Law'n'Order: Ethical Principles and Practicality

Questions to consider:
  • While motoring*, have you ever tried to scrupulously observe the speed limit, anywhere in the US, any time in, say, the past 8 years? What happened? (Bonus question: Was there bloodshed?)
  • When's the last time you saw a motorist make a complete stop at a stop sign when it wasn't mandated by cross traffic?
  • If you live in an area where cellphone use is illegal while driving, do you see people doing it anyway?
  • Are there stretches along your cycle commute where litter is really bad? (Bonus question: How many times in the past, say, month have you noticed complete fast food bags discarded?)
By now you're asking, "What's your point, Robert?" Fair enough. I've been thinking about how personal ethics are affected by being in a car. I'm wondering if the isolation that an automobile imposes, the sense of being "cut off", somehow enables the motorist to compromise his principles. Is a cyclist different because he's "out there" in the environment with little or no protection? Admittedly, I see plenty of cyclists (in the US at least) do lots of scofflaw behavior. And it's this behavior that I always consider "stupid", meaning dangerous, or ultimately impractical.

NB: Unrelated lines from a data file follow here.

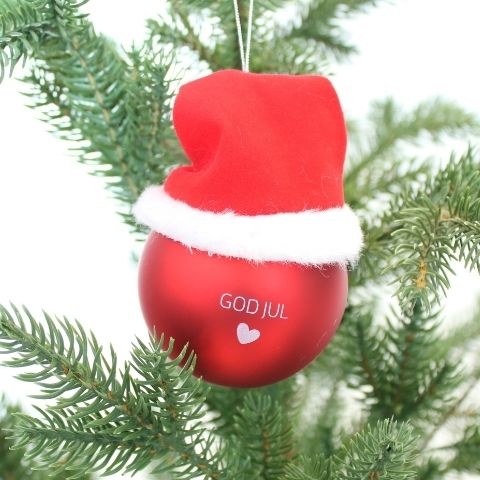 Julekugle m hue - God jul - Rød Ø 6 cm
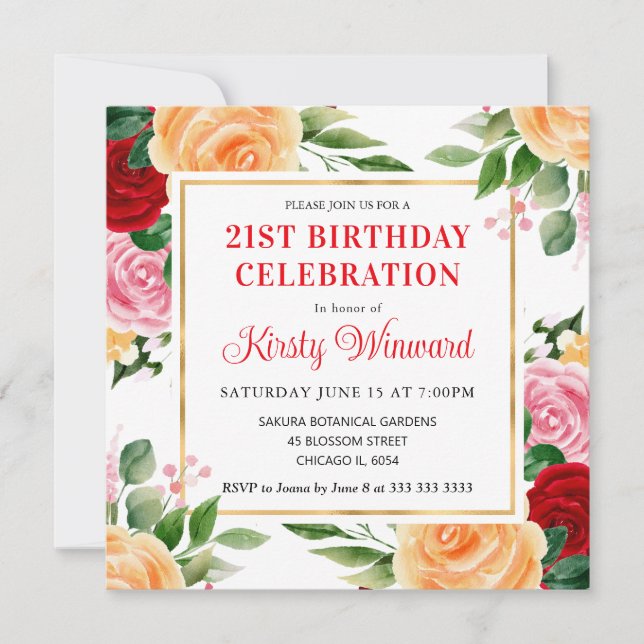 Invitación Acuarela Rosas Rojas y Naranjas Flores Cumpleaños (Anverso)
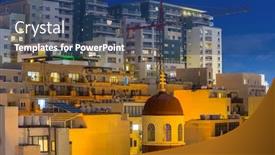  Presentation with malta - Audience pleasing PPT theme consisting of architecture-of-the-residential-area backdrop and a ocean colored foreground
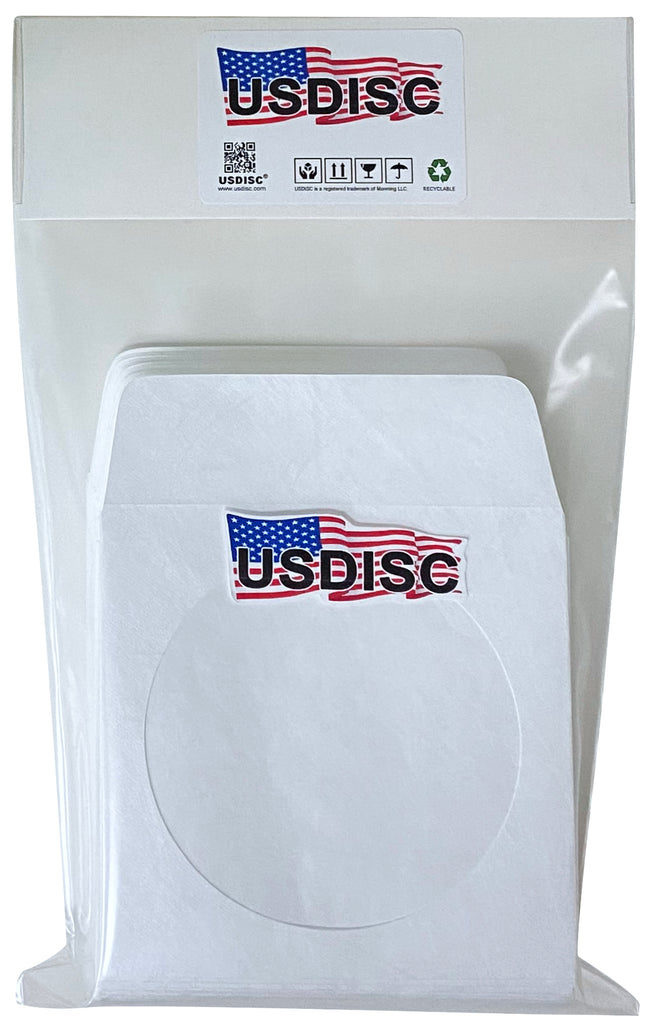 USDISC Tyvek Sleeves Window, Flap, White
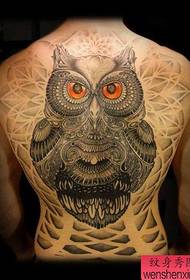 a full back owl tattoo pattern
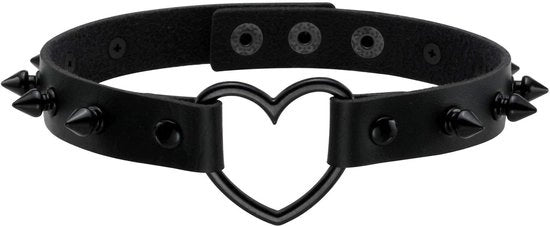 Collare punk con cuore in pelle PU con studs decorativi - Ideale per feste - Disponibile in diversi stili
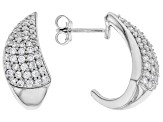 Pre-Owned White Cubic Zirconia Rhodium Over Sterling Silver Earrings 2.25ctw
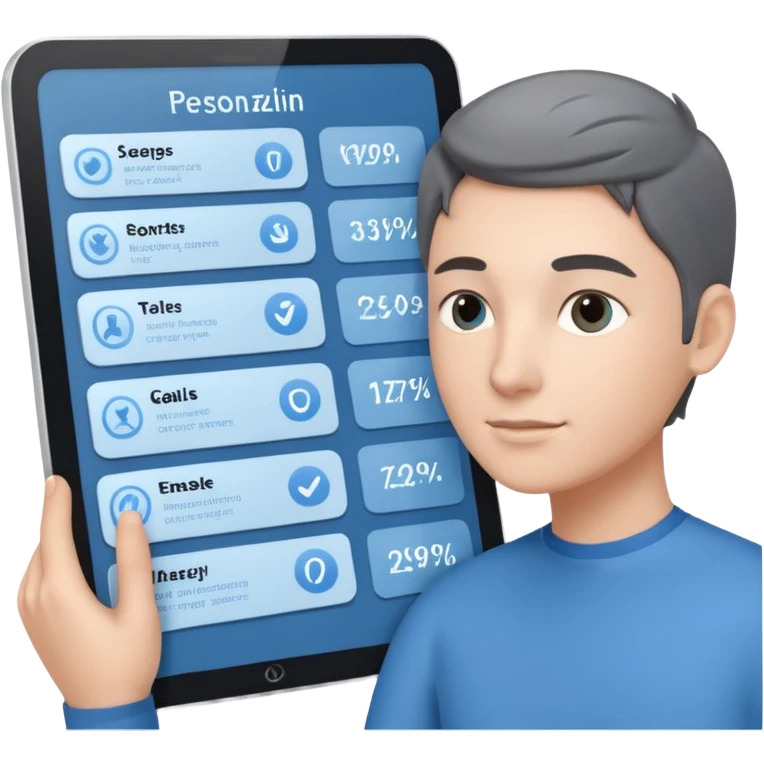 Create an image of an AI coach helping people set goals based on their hobbies. Show a person chatting with the AI, where the screen displays a list of steps and goals. Add elements of progress and personalization. Use a color palette that is associated with technology and innovation. emoji
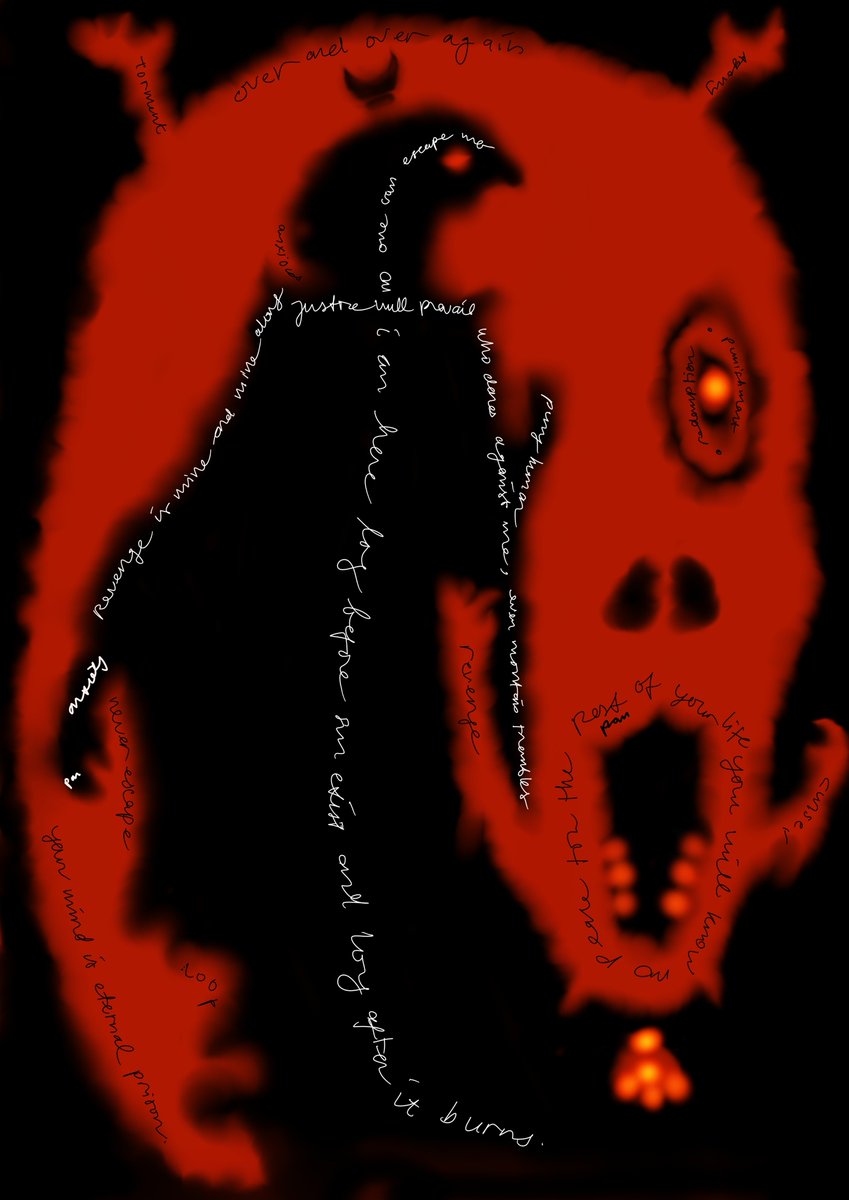 panftxiety's tweet photo. Explore the complex inner workings of anxiety in this representation of the cycle of anxious thoughts in vivid red and black tones. With hidden images and detailed scribbles throughout. #cryptoart #anxietyawareness #digitalpainting" https://t.co/1q1ovIyecK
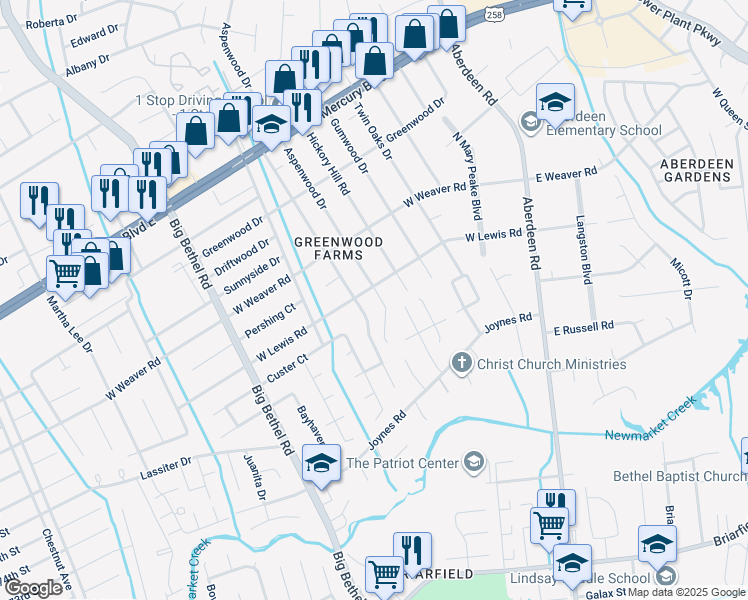 map of restaurants, bars, coffee shops, grocery stores, and more near 202 Aspenwood Drive in Hampton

Ethics seems to be about finding the balance between the principle and the practicality of the situation. Consider the well-known "four-way test" of the Rotary Club International:
  1. Is it the TRUTH?
  2. Is it FAIR to all concerned?
  3. Will it build GOODWILL & BETTER FRIENDSHIP?
  4. Will it be BENEFICIAL to all concerned?
Notice that items 1 and 2 are about adherence to principle (truth and fairness) and 3 and 4 are about practicality (goodwill, friendship, benefits). Certainly, if an action can be said to meet all 4 questions in the affirmative, it can be said to be ethical. (See this post for more ruminations on the Rotary "4WT", including examples of situations where the principled and the practical collide.)

Traffic laws (and for that matter, littering laws) are thankfully areas where the principled and the practical coincide, or at least overlap greatly. A commenter on a previous post noted that cyclists (and pedestrians) in Denmark were scrupulously observant of traffic laws, and I've noted the same on my travels to Europe, in Germany, Switzerland, Belgium, and Sweden. (France is, well, another story.)

I'm always flummoxed when I see a bicyclist, say, commenting on a blog, defending his right to break the traffic laws. Neither principled nor practical.

*I recognize this blog is not about motoring, and it may be that many readers of this blog in fact never act as motorists. To you, I doff my helmet and bow.